Improving MTTR: Resolve incidents faster through better ops, alerts and docs

| 8 min. (1669 words)

When downtime strikes any distributed software deployment or platform, it’s all hands on deck until the lights are green and service is restored. This process, from the recognition of a problem to a deployed solution, has most commonly been defined as MTTR — mean time to resolution.

In just the last few years, site reliability (SRE) and DevOps professionals have developed sophisticated new models for how they work and audit their successes. In 2022, MTTR is one of the most widely-used software performance success metrics. Most DevOps teams are asked to set quarterly or annual OKRs that require them to continuously improve their alerting workflows, resolution playbooks, process documentation, and internal communication to reduce MTTR.

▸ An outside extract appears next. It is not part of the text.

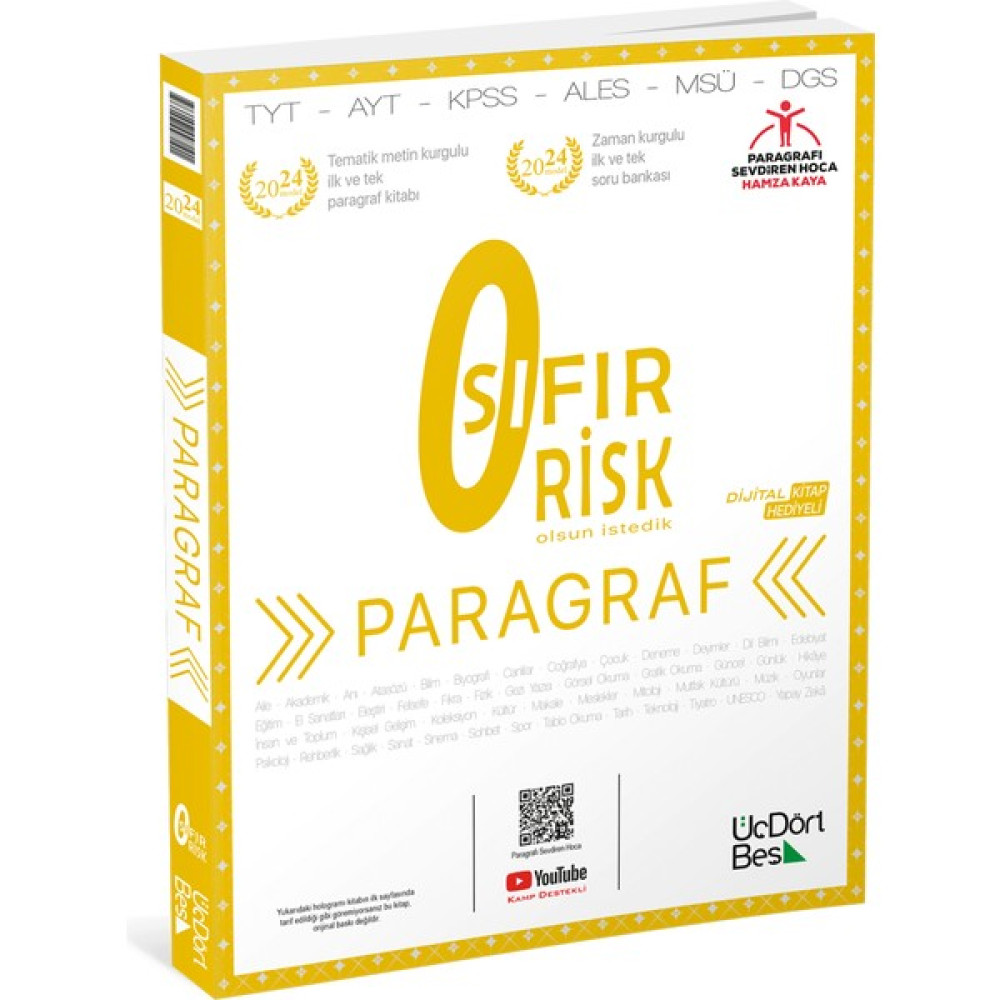 ÜçDörtBeş Yayınları Sıfır Risk Paragraf 2024 KPSS Fiyatı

The reasoning is sound — the longer the MTTR, the greater the impact on the organization, whether in cost, risk, or diminished trust from customers or partners. But any organization that relies on software to run their business needs to fully understand MTTR, including its faults and caveats, to make informed decisions about their monitoring solution and the intelligent alerting they build into their response workflows.

What is MTTR?

MTTR, or mean time to resolution, is a measurement of the average timeframe between detecting an incident and deploying a fix, plus any tests or processes in place to prevent it from happening again.

The R in MTTR moonlights under a few other definitions, which is a major reason why it’s one of the most misunderstood terms in software monitoring and operations.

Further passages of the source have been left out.